Nos quedaban ocho días para defendernos, en un tremendo ambiente de tensión. Así salimos de la fábrica preocupados con la duda de cuál sería el desenlace de aquella fuerte situación.

Esta era nuestra guerra local y particular, pero la vida seguía en toda España, con reuniones y asambleas de carácter político y religioso. En aquel fin de semana se celebraron unos actos de Acción Católica en Santa Ana, y allí fuimos nosotros el sábado por la noche, siendo la comidilla de todos, porque habían leído las hojas y los periódicos, con el anuncio de la huelga provocada supuestamente por nosotros. Cada cual nos daba su opinión o su consejo, y esto, en vez de asegurarnos, aturdíamos más, porque unos trataban de disuadirnos, aconsejándonos que abandonáramos, pues nunca, según ellos, podríamos emanciparnos ni hacer frente a anarquistas y socialistas; otros nos incitaban a la resistencia y a la lucha, y otros simplemente nos compadecían. Sólo encontramos verdadero apoyo o solidaridad a ultranza en D. Rafael Juan Vidal y D. Remigio Valls, con su gente del Centro y del Patronato, que tenían siempre el consejo meditado y decidido.

A mí se me había metido la zozobra y el malestar dentro de casa, porque los míos se habían enterado de nuestra situación, a fuerza de comentarios de la gente. Mi familia estaba preocupada y mi padre indignado, porque estando en situación tan delicada no había dicho nada a la familia, y preguntábame si es que dudaba de su confianza. Tuve que explicarle que no quería involucrarles en este proceso, puesto que no podían resolver nada y porque ya sabia que, en llegando lo peor, su apoyo siempre lo tendría seguro.

Al día siguiente, domingo, se celebraba un gran mitin en el Centro Parroquial, en el que intervinieron, aparte de nuestros jóvenes valores, como Luis Mompó y José Mª García Marcos, los grandes personajes llegados de Madrid (Arranz de Robles), de Alicante (conde de Trigona) y de Valencia (D. Manuel Simó). El acto resultó vibrante, por la gran elocuencia de los oradores y por la afluencia del público, que abarrotó los locales del Centro Parroquial, de modo que logró tal éxito que trascendió los límites de la comarca. Fue una verdadera concentración de fuerzas católicas, que, a pesar de no tener significado político, llegó a ser uno de los primeros aldabonazos del resurgimiento de las fuerzas del orden, que por aquellas fechas se iniciaba en toda España.

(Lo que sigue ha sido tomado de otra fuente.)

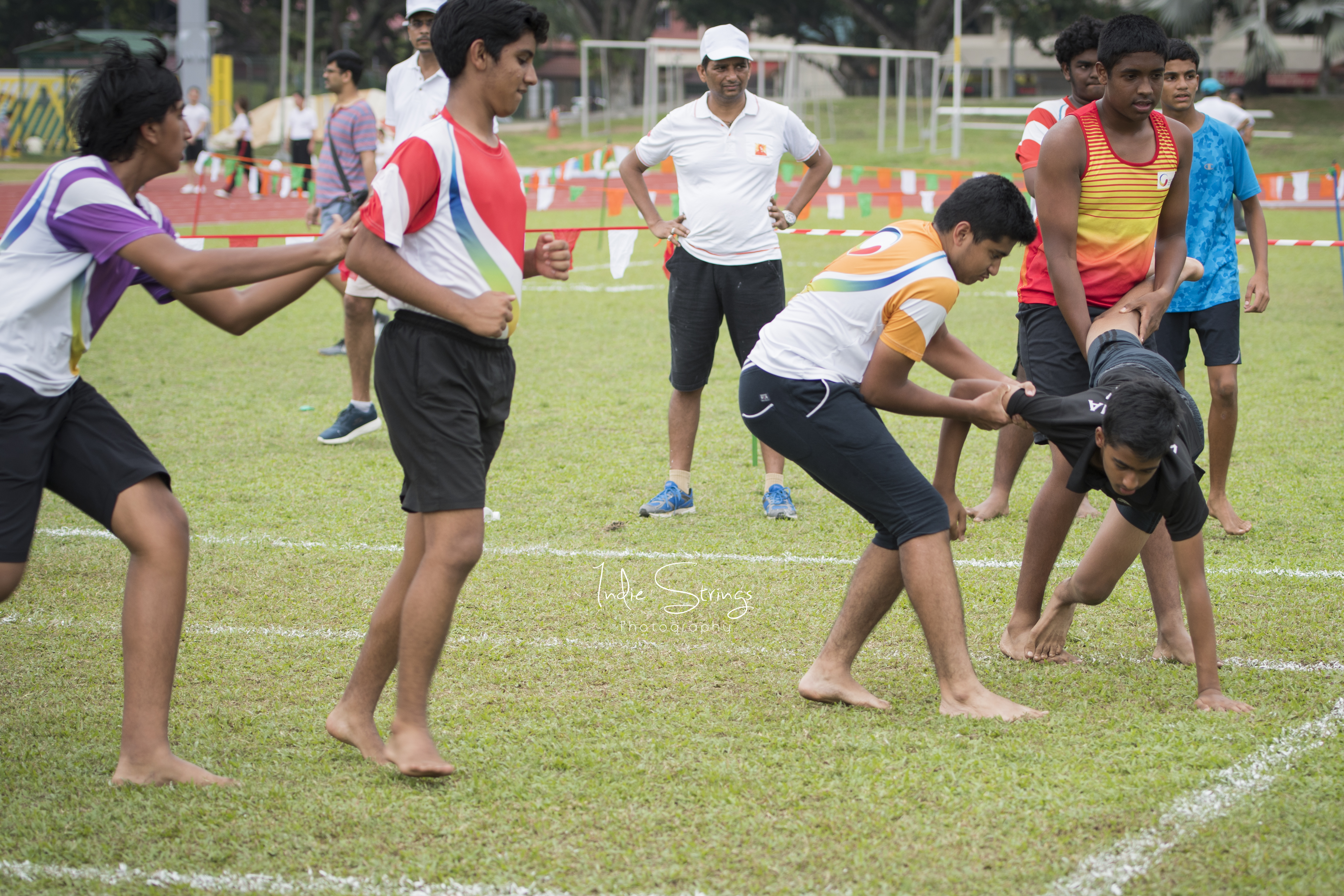 The boys' team playing Kabbadi.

Al fin del acto se celebró a puertas cerradas una reunión con aquellos personajes, en la cual D. Rafael Juan me presentó a todos ellos como un héroe del momento, contándoles el problema con el fin de buscar consejos y seguridades jurídicas, para salir bien librados de aquella situación comprometida. Yo me sentía abrumado, como un chivo expiatorio, entre aquel areópago de sabios. Todos me alentaban a seguir el camino emprendido sin vacilaciones, confiando en que no iba a pasar nada. Se reían de las bravuconas amenazas de nuestros oponentes. Cierto que a mí no me servían del todo sus palabras asegurantes, porque pensaba que ellos al da siguiente volverían a su mundo, mientras que yo tenía que seguir luchando al frente de mis jóvenes compañeros y seguidores. No me gustaba que personas que apenas tenían contacto con el mundo del trabajo intervinieran en nuestra organización, que era y tenía que ser puramente obrera, sin vinculación a ningún movimiento significado. Pero, a pesar de que no me gustaba la injerencia de personas ajenas al puro sindicalismo, aunque fuera a título de católicos, sin embargo tengo que agradecer, porque históricamente lo considero justo, los casos de D. Rafael Osca, los Velázquez y otros, que amenazaron al empresario, en el sentido de que, si nos despedía por este motivo, le quitarían el trabajo, pues eran clientes de tiempos antiguos. Habían perdido un poco la noción del tiempo, pues ya no se trataba de un taller artesano, donde los encargos eran fundamentales, sino de una empresa de producción masiva, en la que este tipo de clientes más bien ya estorbaban.